### PROBLEM TO WORK ON
Give the data again exactly, without images.

Short descriptive text snippets:
■ ■ ■ ■ ■ ■ ■
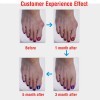 1 paar Silikon Fußpflege Hallux Valgus Corrector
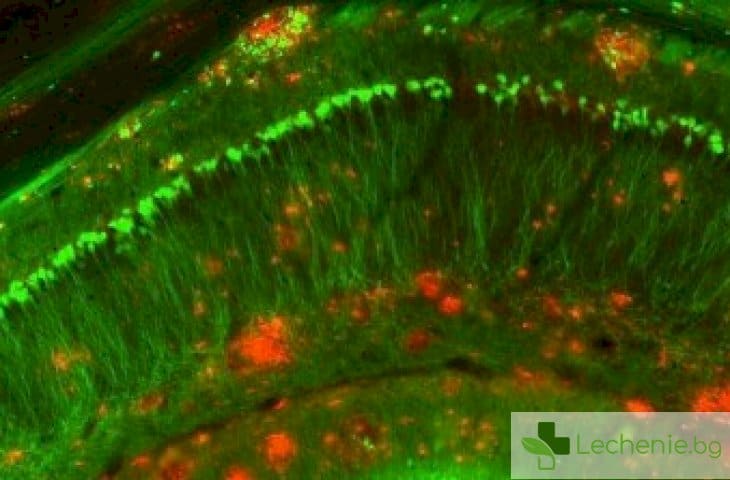 Нова протеинова инжекция ликвидира Алцхаймер само за 1 седмица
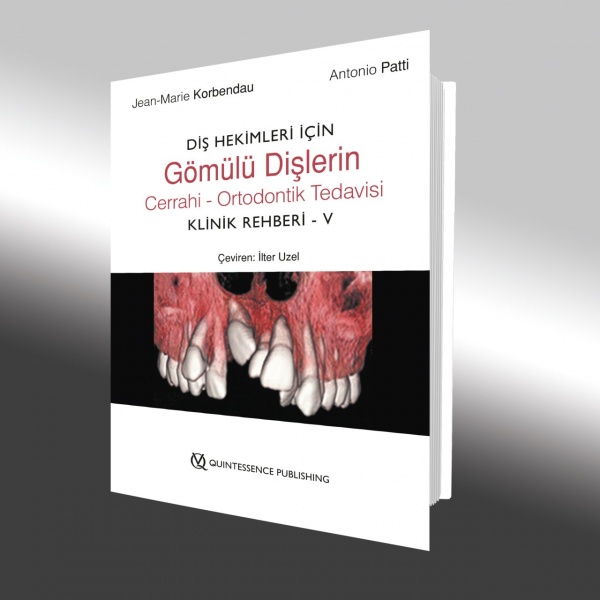 dis-hekimleri-icin-gomulu-dislerin-cerrahi-ortodontik-tedavisi-klinik-rehberi-v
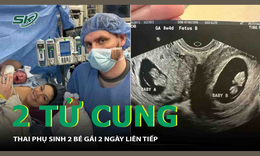 2 tử cung, thai phụ sinh hai b&#233; g&#225;i v&#224;o hai ng&#224;y li&#234;n tiếp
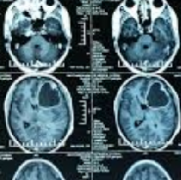 激光间质消融术治疗小儿癫痫及脑肿瘤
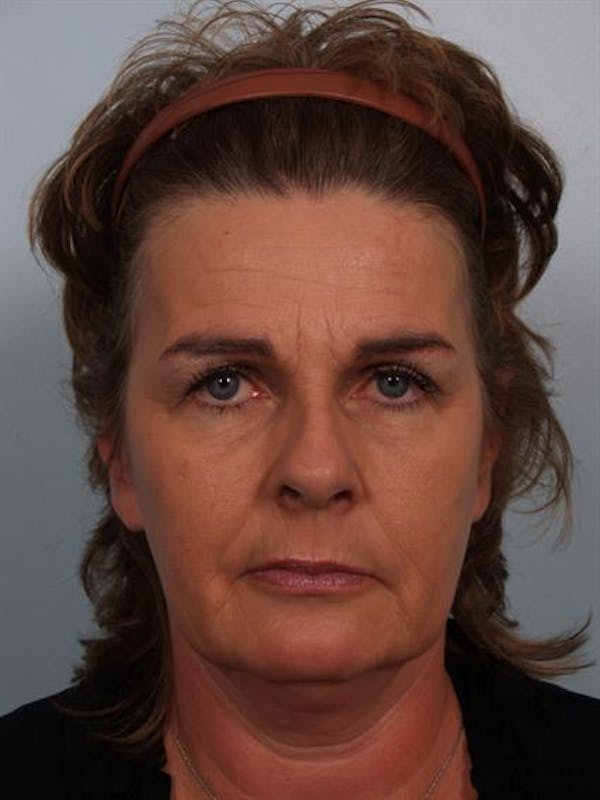 Botox Before & After Gallery - Patient 1310945 - Image 1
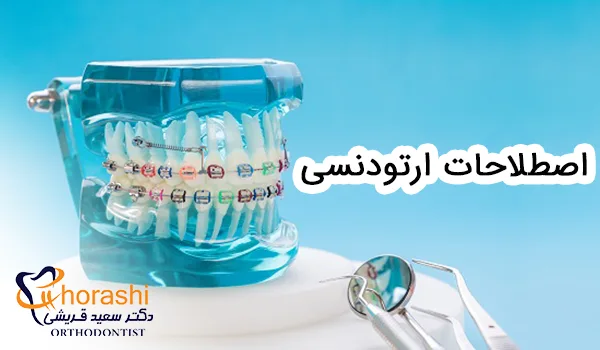 اصطلاحات ارتودنسی
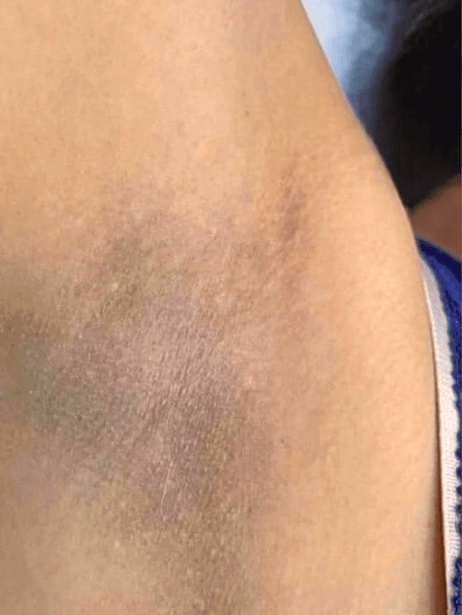 Underarm before treatment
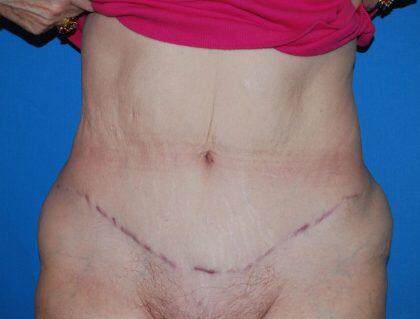 Corrective Tummy Tuck Before & After Image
■ ■ ■ ■ ■ ■ ■
### SOLVED PROBLEM
 1 paar Silikon Fußpflege Hallux Valgus Corrector
 Нова протеинова инжекция ликвидира Алцхаймер само за 1 седмица
 dis-hekimleri-icin-gomulu-dislerin-cerrahi-ortodontik-tedavisi-klinik-rehberi-v
 2 tử cung, thai phụ sinh hai b&#233; g&#225;i v&#224;o hai ng&#224;y li&#234;n tiếp
 激光间质消融术治疗小儿癫痫及脑肿瘤
 Botox Before & After Gallery - Patient 1310945 - Image 1
 اصطلاحات ارتودنسی
 Underarm before treatment
 Corrective Tummy Tuck Before & After Image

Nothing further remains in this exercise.